MP strikes plea deal in Iraq case
Guards' superiors didn't know about abuse, he says
  • WASHINGTON (CP) - The first American soldier to face trial in the Iraqi prisoner abuse scandal says his colleagues joked around as they beat and sexually humiliated their captives but claimed that his superiors were unaware of what they were doing.

    "If they saw what was going on, there would have been hell to pay," Specialist Jeremy Sivits says in two legal statements released to some U.S. newspapers.

    Sivits, who faces a court-martial next Wednesday in Baghdad, implicated some of his colleagues, saying they stripped prisoners and forced them to masturbate. One jumped on a pile of detainees, "then stomped on either the fingers or toes" as they screamed, he said.
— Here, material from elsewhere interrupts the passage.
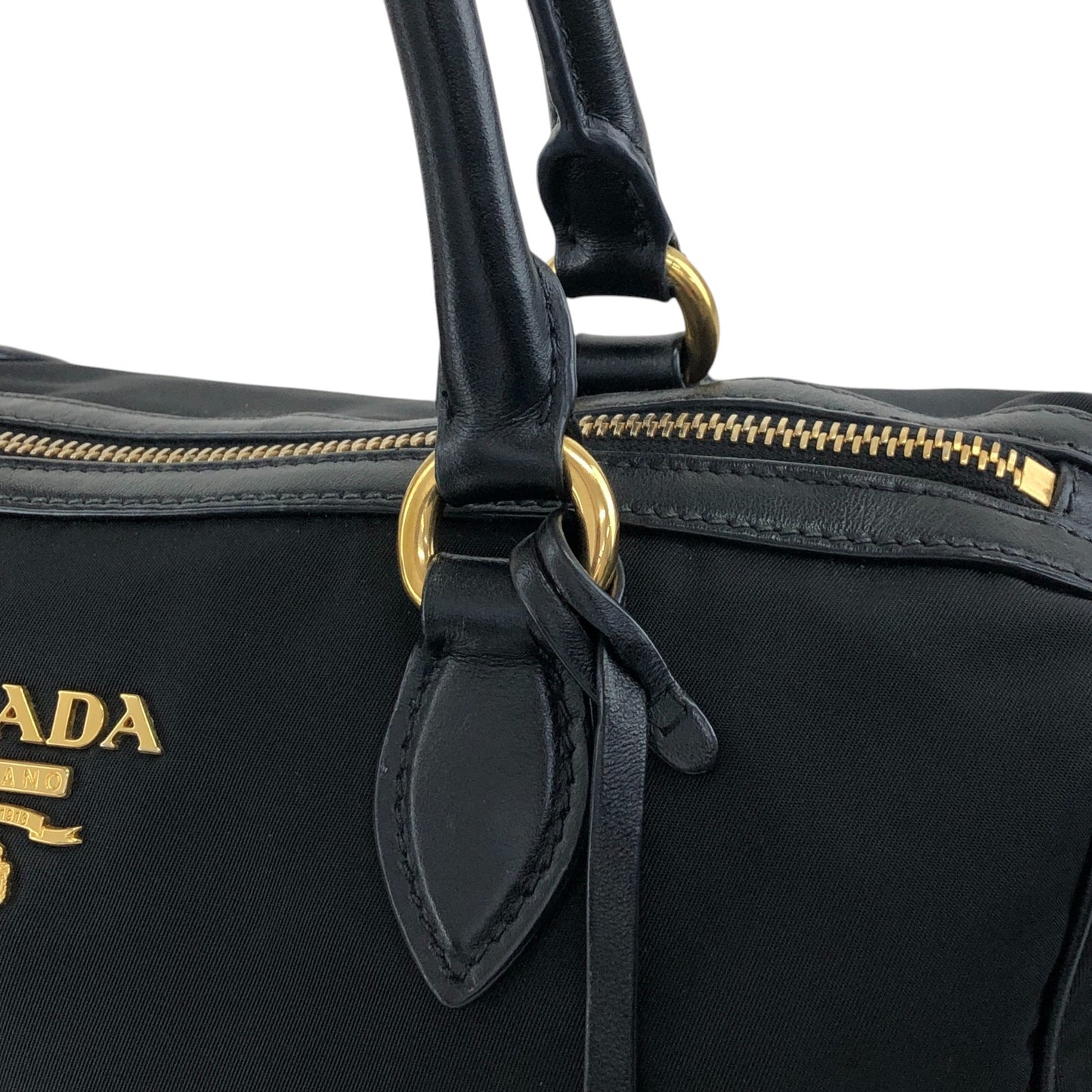PRADA Logo Two-way Boston bag Shoulder bag Black Vintage 76zjdy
    A prisoner with bullet wounds in his leg was handcuffed to a bed while a soldier hit him with a police baton, said Sivits, who reportedly reach a deal with prosecutors and is expected to plead guilty.

    Another detainee was so punched hard in the temple that he blacked out.
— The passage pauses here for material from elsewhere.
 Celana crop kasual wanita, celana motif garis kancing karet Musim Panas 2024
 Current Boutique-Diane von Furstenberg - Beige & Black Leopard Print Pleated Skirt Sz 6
    "I was laughing at some of the stuff that they had them do," Sivits says in a January statement.

    "I was disgusted at some of the stuff as well."
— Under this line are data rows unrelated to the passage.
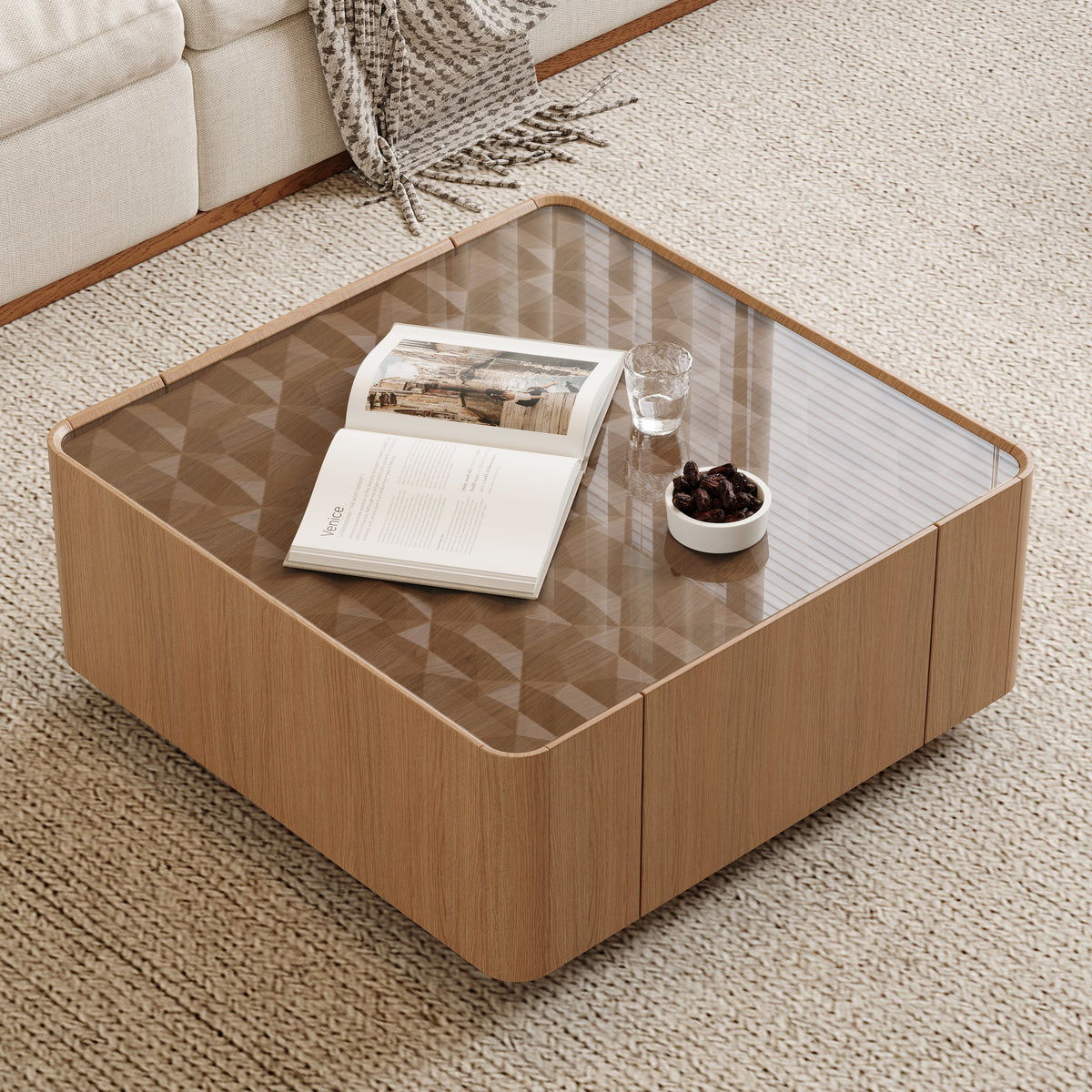 Walnut Glass Top Square Coffee Table, 31.5 in, 13.8 in Tall
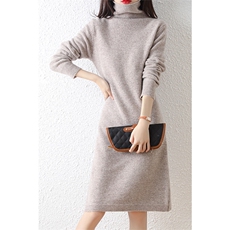 秋冬季羊毛休闲时尚通勤内搭百搭七针长款堆领连衣裙，女装连衣裙，越洋羊
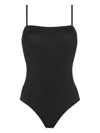 Eres 'acquarelle' Black One-piece Swimsuit With Back Neckline In Black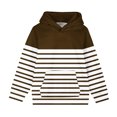 thumbnail image 4 of RXIRUCGD Girls Hoodie Lightweight Sweatshirt, Color Block Striped Pullover Sweatshirt Fall Fashion Girls Clothes, Girls Brown Sweatshirt Size 7-8 Years, 4 of 8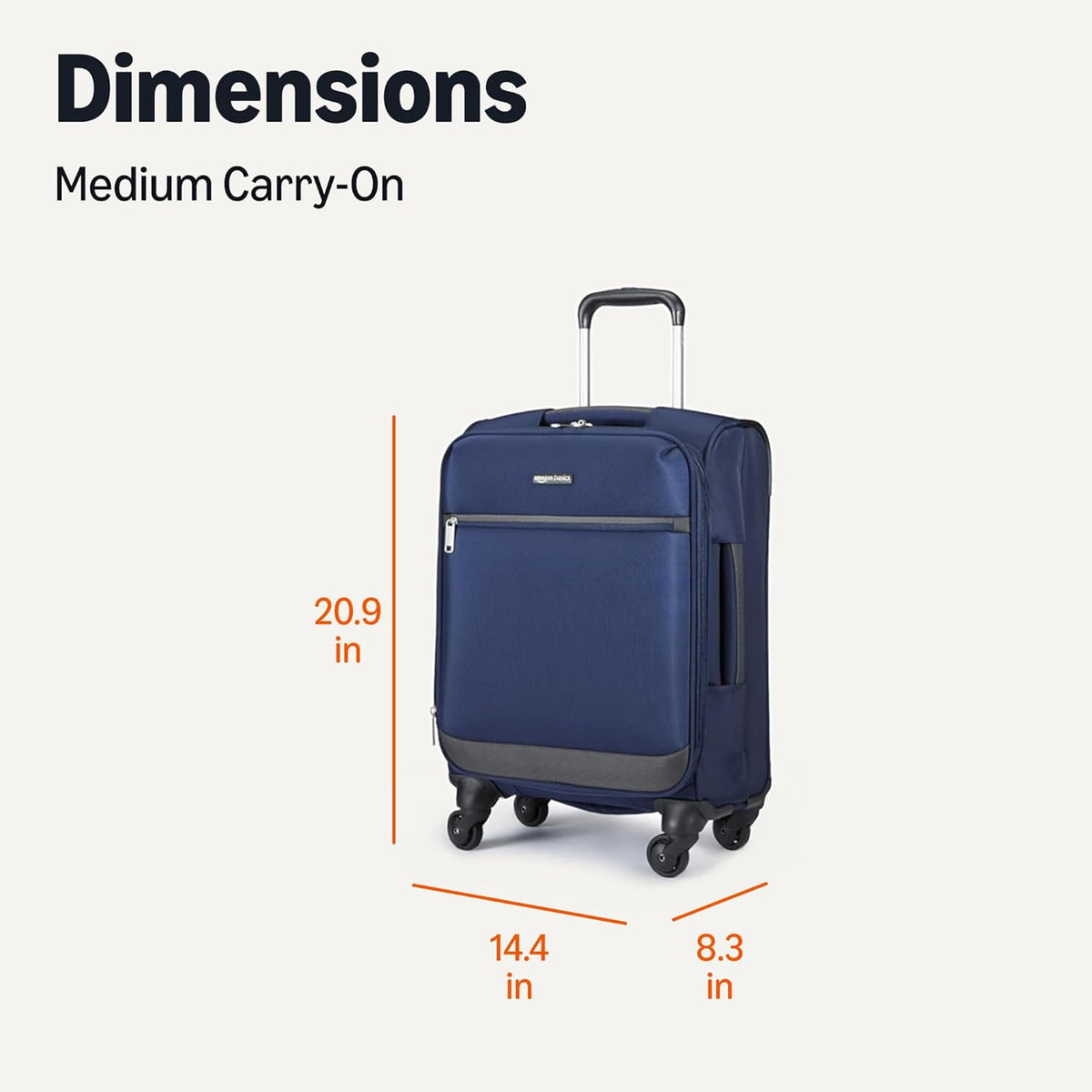 20" Carry-On Luggage, Softside Suitcase With TSA Lock, 8 Spinner Wheels, Telescoping Handle, Front Exterior Pocket, 3 Interior Pockets, Black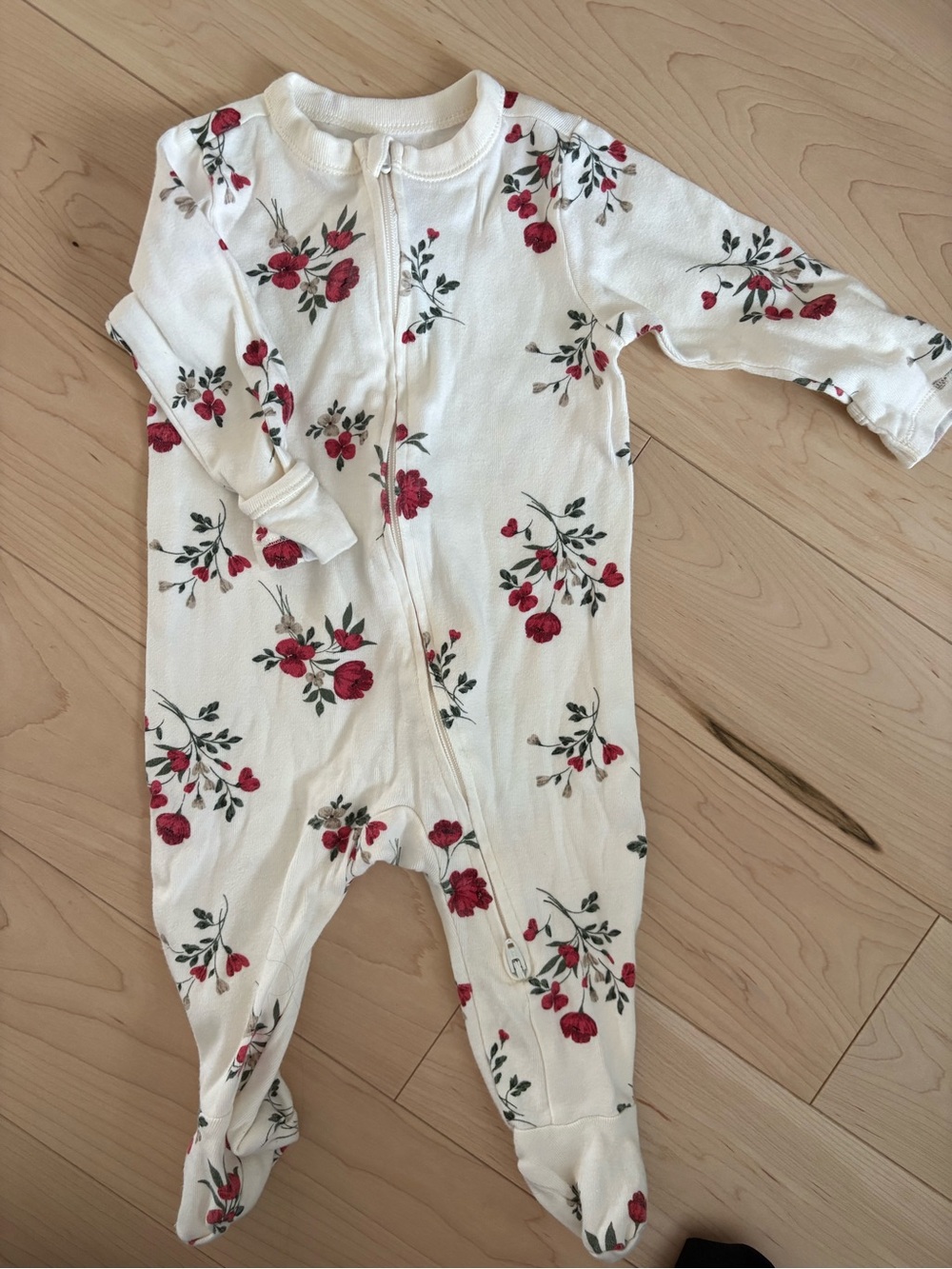 Old Navy Cream Footed One-Piece with Red Floral Print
    Sivits pegged Cpl. Charles Graner as a ringleader of the abuse and torture at Abu Ghraib prison and was "acting like he was enjoying it."

    Graner has been charged on several counts, including committing indecent acts, adultery and other counts.

    Other U.S. military police facing charges say higher-ups or intelligence officers encouraged them to "soften up" prisoners for interrogation.

    "I could have said no to anything, but I would have been disobeying an order," said Sgt. Javal Davis, one of the accused.

    "So you can either get in trouble for not doing what you're told or get in trouble for doing what you're told," Davis told ABC today. "It's kind of like a Catch-22."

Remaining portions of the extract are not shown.